_Available data_
:::::

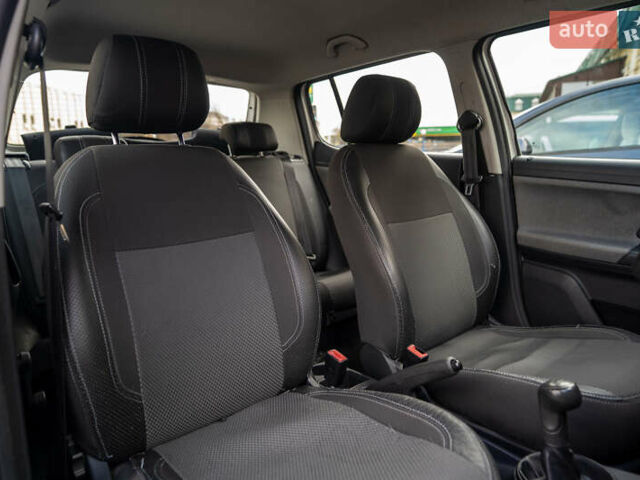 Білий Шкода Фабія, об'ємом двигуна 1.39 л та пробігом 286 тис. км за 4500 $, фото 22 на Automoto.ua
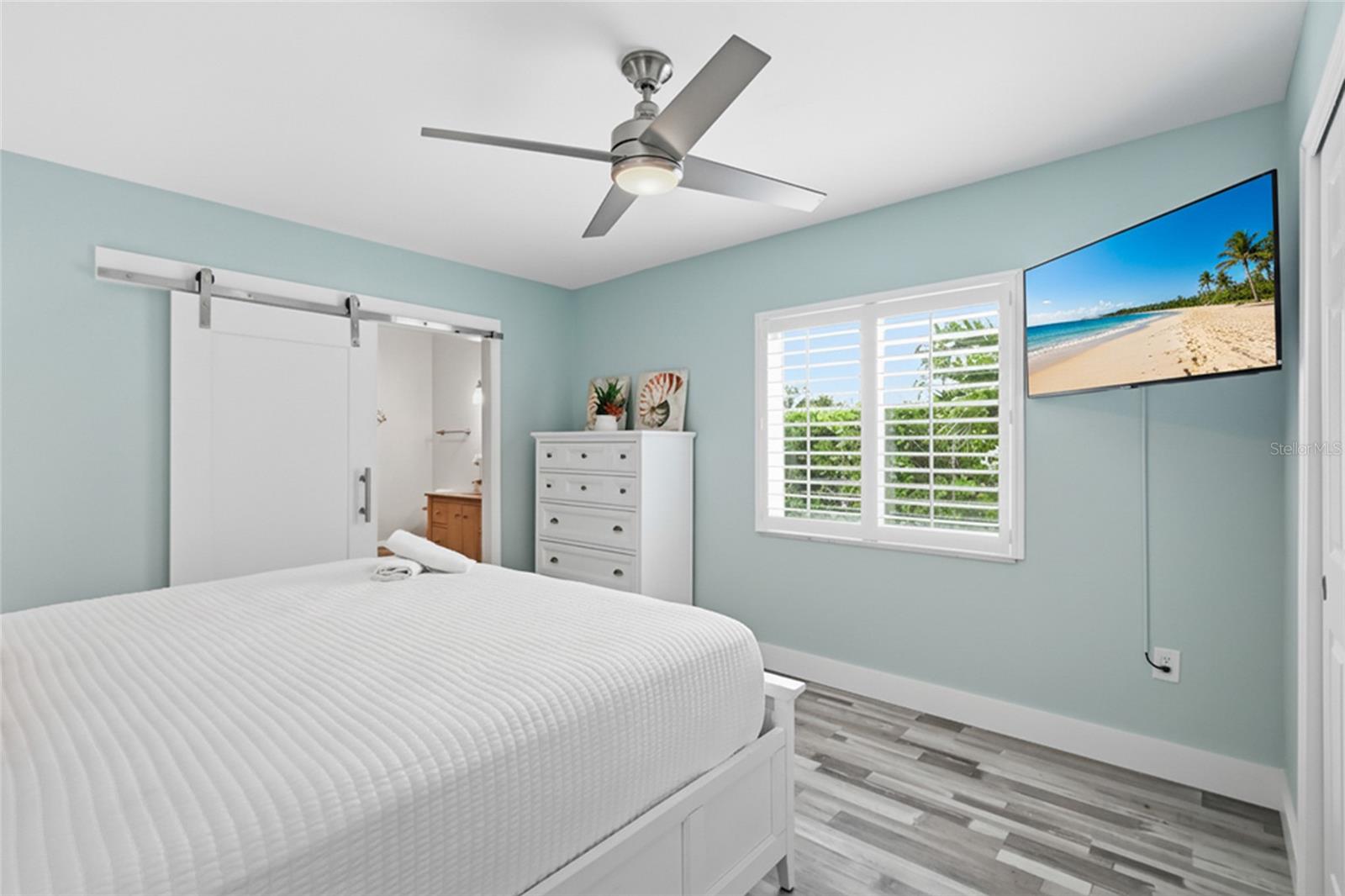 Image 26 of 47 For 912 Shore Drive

:::::

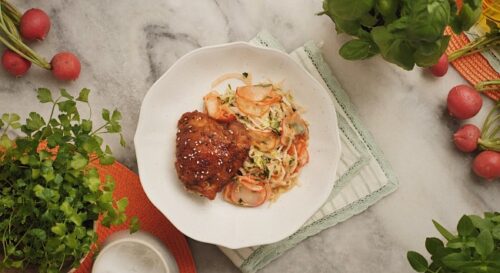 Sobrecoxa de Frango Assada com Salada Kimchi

:::::

_Problem statement_
Would you copy out, exactly and with no pictures, only the lines above from the one that contains "Білий Шкода Фабія, об'ємом" through the one that contains "Image 26 of 47 For 912 Shore Drive"?

_Task output_
 Білий Шкода Фабія, об'ємом двигуна 1.39 л та пробігом 286 тис. км за 4500 $, фото 22 на Automoto.ua
 Image 26 of 47 For 912 Shore Drive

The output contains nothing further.